Olej silnikowy pełni wiele kluczowych funkcji w życiu silnika. Oczywiście przede wszystkim smaruje, ale również odbiera nadmiar temperatury, uszczelnia komorę spalania, zabezpiecza przed korozją i dba o czystość. Trwałość silnika jest pochodną jego wysilenia, warunków eksploatacji, jakości zastosowanych materiałów choć chyba największe znaczenie ma jakość i częstotliwość wymiany środka smarnego.
Fakt ten pozostaje w sprzeczności z rachunkiem ekonomicznym i coraz ostrzejszymi wymogami ekologów i zapewnieniami producentów pojazdów. Ci ostatni obiecują, że ich samochody spokojnie poradzą sobie beż świeżego oleju 30.000, a nawet 50.000 kilometrów. Wtórują im również ekolodzy, którzy cieszą się z ograniczania ilości materiałów eksploatacyjnych. Warunki eksploatacji też ulegają pogorszeniu. Średnie prędkości użytkowania samochodów w mieście cały czas spadają. Eksploatacja silnika na krótkich trasach i w korku przyczynia się do szybkiej degradacji środka smarnego.

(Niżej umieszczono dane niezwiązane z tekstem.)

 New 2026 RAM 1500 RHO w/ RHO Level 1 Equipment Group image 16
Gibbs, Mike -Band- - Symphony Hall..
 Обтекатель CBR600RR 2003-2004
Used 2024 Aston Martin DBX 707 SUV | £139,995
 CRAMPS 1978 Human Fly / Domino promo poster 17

Na domiar złego silniki są coraz bardziej wysilone. Downsizing został na chwilę zatrzymany, ale i tak każdy współcześnie wyprodukowany silnik legitymuje się średnio około 80 KM z litra pojemności. To nie wszystkie złe informacje bowiem powszechne zastosowanie filtrów cząstek stałych w większości produkowanych silników przyczynia się do ograniczenia ilości dodatków przeciw- z życiowych w oleju. To właśnie te substancje po spaleniu tworzą popiół, który skutecznie zatyka filtry znajdujące się w układzie wydechowym. Jednak ich brak w składzie oleju przyczynia się do szybszego zużywania łożysk silnika. Co wiecej, maleją statystyczne pojemności układu smarowania silników.

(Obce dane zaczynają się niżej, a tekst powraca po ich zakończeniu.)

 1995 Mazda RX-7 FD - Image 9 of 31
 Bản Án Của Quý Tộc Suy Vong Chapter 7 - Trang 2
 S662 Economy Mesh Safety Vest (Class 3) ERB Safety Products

Niestety systemy monitorujące jakość oleju nie są do końca miarodajne. W pierwszych wersjach zliczały tylko przebieg albo liczbę uruchomień silnika. Właśnie dlatego w starszych pojazdach wskazania komputera należy traktować z przymrużeniem oka. Dopiero nowsze rozwiązania są w stanie zebrać więcej danych poprzez pomiar czasu użytkowania oleju, monitoring temperatury oleju i płynu chłodzącego, ilość rozruchów silnika dla danej temperatury, pomiar temperatury zewnętrznej, poziom oleju i ilość cykli dopalania DPF. Oczywiście pozostaje otwarte pytanie jakie normy ilości zanieczyszczeń konstruktorzy uznali za akceptowalne. Reasumując olej ma coraz trudniejsze zadanie bowiem musi dłużej zachować swoje parametry i sprostać przy tym dużo większym obciążeniom i temperaturom. W takim razie kto ma rację, komu wierzyć- co, ile kilometrów powinno się wymieniać olej.
Im częściej, tym lepiej!
Jeżeli chcemy, aby silnik mógł bez problemu osiągnąć przebiegi rzędu 300.000 - 400.000 kilometrów olej musi być wymieniony na świeży przynajmniej raz na 15.000. Kierowcy eksploatujący swoje samochody w dużych aglomeracjach i na krótkich trasach powinni skrócić ten dystans do 10.000 kilometrów. Kto przejeżdża rocznie mniej niż 10.000 kilometrów powinien wymieniać olej raz w roku. I to nie wszystko, aby silnik nie sprawiał problemów przy każdej wymianie oleju należy obligatoryjnie wypłukać układ smarowania dodatkiem Liqui Moly Engine Flush nr 2662, sprawdzić poprawność działania EGR i w razie konieczności oczyścić go przy użyciu preparatu Liqui Moly nr 5111. Niezmiernie istotna jest również czystość układu dolotowego, ograniczenie przekroju kolektora bardzo szybko doprowadzi do wzbogacenia mieszanki i degradacji środka smarnego. Dlatego przy każdym przeglądzie należy zdjąć przewód z intercoolera i sprawdzić stan kolektora. W razie konieczności należy kolektor oczyścić przy pomocy preparatu Liqui Moly Oczyszczacz kolektora nr 5168 (silniki diesla). Oczyszczanie należy przeprowadzać przed wymianą oleju na świeży. Po prostu część środka przedostaje się przez pierścienie tłokowe i trafia do miski olejowej. Aby wyczyścić kolektor należy zużyć całe opakowanie preparatu. Pamiętajmy -niesprawność osprzętu silnika bardzo szybko doprowadzi do gwałtownego pogorszenia jakości oleju a ten przyspiesza zużycie silnika i w konsekwencji może doprowadzić do poważnej awarii.